So many things had happened.
I hated, and i was shown that i was wrong about my feelings.
I loved, and my heart was mercyless broken once more.
I doubted, and my fears were all confirmed.
And i believed, and my fantasies were getting even more real.

and still, i have the courage to come back here and tell everyone what happenes this side of the darkness.

it is absolutely not true that i am a selfish person, it's just that sometimes i think about myself before thinhking about the others first ( and well, if nobody remembers me i have to do it myself) however, sometimes i get wrong and think about those peopel that dont even care if i remember them or not, meanwhile, the people who really cares about me ( just in case it is possible) still here right beside me, but with all this fog i can see them. when i talk about my loneliness i dont mean not to have anybody aroudn me, but not to have them "beside me". a little confusig, huh? well if anyone of u who are reading said yes, please leave, cause if u didn't understand what i said, less ur going to understand the next.

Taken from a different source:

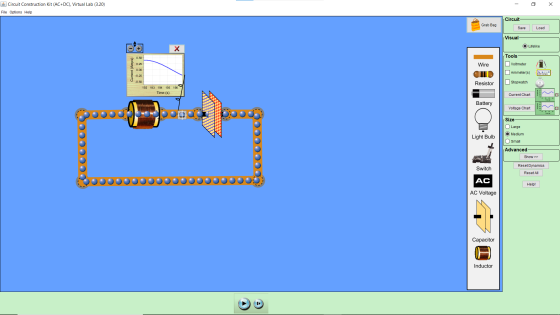 1600 - Circuit Construction Kit (AC+DC), Virtual Lab (3.20) File Options Help Circuit Grab Bag Save Load Visual 10 O Lifelike
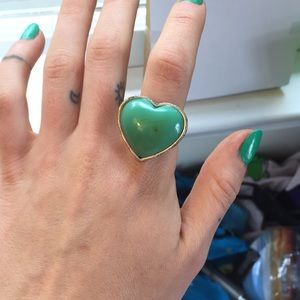 Teal stone heart ring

You say poeple like me we're complicated. how complicated can be the fact of that i like roses just for the hell of it, that i didnt cambed my hair today because i didnt wanted abd that i dress only in black just because i want to. complicated is to go 'round and justifying every little thing i do with words that nobody but myself will understand. the thing is that as i always dress in black the people think my heart is the same colour. well surprise!!! it's not way like that. I like to be huged for no reason too, or to recieve a midnight call just to say hi, or to be insistly observed while im reading a book. there is no way im going to push u way hang up the phone o thow the book into your faces.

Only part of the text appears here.